At each booth I visited, I asked when planning had started for Yuki Matsuri.  I found out Japan Club had been recruiting people to work the festival since December.  This is one of the most striking aspects of the event:  it is largely volunteer-run.  Many different groups have to coordinate.  The performances alone featured music from Wellesley’s taiko drum ensemble, dances by Wellesley’s and Tufts’ Japan Clubs, and songs from a Japanese music choir, which—I later found out—was also entirely composed of volunteers.  And these were just the performances from the first part of the festival.  At the halfway mark, overwhelmed by the size of the crowd, I made my way back to my dorm.

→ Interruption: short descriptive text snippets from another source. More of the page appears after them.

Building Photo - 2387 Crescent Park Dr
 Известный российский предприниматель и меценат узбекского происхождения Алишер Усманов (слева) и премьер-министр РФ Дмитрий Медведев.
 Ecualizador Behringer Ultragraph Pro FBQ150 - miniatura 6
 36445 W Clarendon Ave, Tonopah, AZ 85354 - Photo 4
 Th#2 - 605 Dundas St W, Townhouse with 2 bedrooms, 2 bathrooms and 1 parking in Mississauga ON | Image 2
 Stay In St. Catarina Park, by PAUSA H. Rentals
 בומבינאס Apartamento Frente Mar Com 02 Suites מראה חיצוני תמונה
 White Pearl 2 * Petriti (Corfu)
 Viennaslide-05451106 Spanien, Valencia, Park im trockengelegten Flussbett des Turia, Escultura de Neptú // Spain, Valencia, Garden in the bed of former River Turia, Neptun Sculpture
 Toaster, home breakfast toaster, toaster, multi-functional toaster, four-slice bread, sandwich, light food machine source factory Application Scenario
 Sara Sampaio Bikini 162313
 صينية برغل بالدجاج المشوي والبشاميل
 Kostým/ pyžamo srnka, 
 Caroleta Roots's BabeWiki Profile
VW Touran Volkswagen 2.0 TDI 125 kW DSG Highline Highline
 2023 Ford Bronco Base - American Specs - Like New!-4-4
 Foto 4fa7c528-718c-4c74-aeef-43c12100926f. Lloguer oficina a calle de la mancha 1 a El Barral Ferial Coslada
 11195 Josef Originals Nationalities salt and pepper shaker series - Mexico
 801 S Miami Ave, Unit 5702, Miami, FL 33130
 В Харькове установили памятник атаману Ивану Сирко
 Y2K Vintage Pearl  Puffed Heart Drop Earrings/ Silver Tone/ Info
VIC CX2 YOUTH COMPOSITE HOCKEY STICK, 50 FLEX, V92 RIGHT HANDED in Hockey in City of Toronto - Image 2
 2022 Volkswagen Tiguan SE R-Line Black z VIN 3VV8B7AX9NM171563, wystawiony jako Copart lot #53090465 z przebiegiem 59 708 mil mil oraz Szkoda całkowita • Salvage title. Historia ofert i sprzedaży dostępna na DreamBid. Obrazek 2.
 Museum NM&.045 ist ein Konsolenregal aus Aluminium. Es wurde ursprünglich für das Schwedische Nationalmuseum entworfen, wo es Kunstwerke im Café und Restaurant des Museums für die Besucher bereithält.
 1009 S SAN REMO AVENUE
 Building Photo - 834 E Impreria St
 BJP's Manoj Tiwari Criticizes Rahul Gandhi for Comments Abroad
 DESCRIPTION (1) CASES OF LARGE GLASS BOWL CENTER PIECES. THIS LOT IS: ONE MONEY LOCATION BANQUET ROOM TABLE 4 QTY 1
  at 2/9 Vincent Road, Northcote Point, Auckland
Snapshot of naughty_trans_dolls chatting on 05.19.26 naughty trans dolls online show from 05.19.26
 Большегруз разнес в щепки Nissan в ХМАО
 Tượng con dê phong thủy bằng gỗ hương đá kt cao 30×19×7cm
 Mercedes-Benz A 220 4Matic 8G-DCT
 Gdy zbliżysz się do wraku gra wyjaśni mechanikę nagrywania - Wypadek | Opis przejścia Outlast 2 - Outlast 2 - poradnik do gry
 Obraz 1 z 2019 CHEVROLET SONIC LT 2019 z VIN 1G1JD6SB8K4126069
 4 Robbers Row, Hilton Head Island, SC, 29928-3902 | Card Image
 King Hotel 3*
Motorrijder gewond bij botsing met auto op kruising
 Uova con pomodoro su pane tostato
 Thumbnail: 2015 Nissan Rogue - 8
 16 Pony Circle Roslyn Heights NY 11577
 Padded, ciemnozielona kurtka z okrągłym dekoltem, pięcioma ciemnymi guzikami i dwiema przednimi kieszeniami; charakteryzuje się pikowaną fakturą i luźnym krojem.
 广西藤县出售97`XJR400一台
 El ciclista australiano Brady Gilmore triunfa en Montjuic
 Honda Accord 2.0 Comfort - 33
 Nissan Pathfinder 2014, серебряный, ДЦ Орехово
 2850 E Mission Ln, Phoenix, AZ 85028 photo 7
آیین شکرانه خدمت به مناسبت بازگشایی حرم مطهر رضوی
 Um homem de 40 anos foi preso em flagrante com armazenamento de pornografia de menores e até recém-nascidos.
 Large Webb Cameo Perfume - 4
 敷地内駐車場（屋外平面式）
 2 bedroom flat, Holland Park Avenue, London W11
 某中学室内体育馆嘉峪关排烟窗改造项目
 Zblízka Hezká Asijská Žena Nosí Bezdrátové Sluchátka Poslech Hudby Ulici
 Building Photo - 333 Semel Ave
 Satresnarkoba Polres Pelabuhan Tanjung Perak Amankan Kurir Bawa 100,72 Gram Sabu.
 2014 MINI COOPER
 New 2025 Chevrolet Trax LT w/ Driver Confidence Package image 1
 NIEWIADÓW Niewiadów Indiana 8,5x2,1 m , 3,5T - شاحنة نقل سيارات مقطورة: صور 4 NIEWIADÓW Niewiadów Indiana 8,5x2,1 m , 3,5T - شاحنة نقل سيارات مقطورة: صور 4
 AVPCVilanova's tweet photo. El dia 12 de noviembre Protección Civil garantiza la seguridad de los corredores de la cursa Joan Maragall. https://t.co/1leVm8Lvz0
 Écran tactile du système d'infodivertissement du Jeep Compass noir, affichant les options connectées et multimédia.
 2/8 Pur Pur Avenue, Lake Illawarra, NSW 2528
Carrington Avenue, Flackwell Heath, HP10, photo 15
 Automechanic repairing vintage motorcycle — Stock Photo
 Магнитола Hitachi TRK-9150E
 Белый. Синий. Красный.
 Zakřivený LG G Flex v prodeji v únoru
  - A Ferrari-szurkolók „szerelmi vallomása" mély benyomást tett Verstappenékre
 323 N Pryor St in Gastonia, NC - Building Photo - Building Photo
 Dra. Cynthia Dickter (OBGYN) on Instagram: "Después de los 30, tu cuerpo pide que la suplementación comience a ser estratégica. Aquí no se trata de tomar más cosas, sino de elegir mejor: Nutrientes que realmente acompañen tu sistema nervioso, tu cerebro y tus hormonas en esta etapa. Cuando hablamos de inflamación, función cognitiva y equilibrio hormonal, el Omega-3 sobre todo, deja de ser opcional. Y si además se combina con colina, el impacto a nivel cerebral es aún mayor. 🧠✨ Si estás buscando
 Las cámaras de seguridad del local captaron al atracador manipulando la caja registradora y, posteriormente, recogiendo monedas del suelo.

If I’m being honest with myself, the particular significance of most of the aspects of Yuki Matsuri—the dances, the crafts, the food—were lost on me.  I did not come away with a greater cultural understanding.  To achieve that, I think it would have taken a lot more time and effort than it did to show up at the campus center on a cold Saturday night.  But I didn’t leave hungry.  And I brought some pieces of the festival home with me.  A tiny origami turtle now sits on my bookshelf.  The calligraphy page I painted—a symbol of my own accomplishments, if not of my understanding of Japan—hangs on the wall next to my desk.  I came away from the festival energized by the dances and inspired by the fierce taiko drumming.

Winter is a low-energy season, and February is a hard month.  It’s the coldest time of the year, the month when students drag themselves back from winter break to the stress of their academic lives.  And while Americans have customs that are particular to winter—drinking tea curled up indoors by a roaring fire, engaging in the odd snowball fight—we really don’t celebrate winter just for the sake of it.  At least, not on the same scale as Yuki Matsuri.  I can’t say I understand every aspect of the festival, but what I can say is that it takes one of the most difficult times of the year and gives everyone something fun to do, something energizing.  We need things like that.  More than we realize.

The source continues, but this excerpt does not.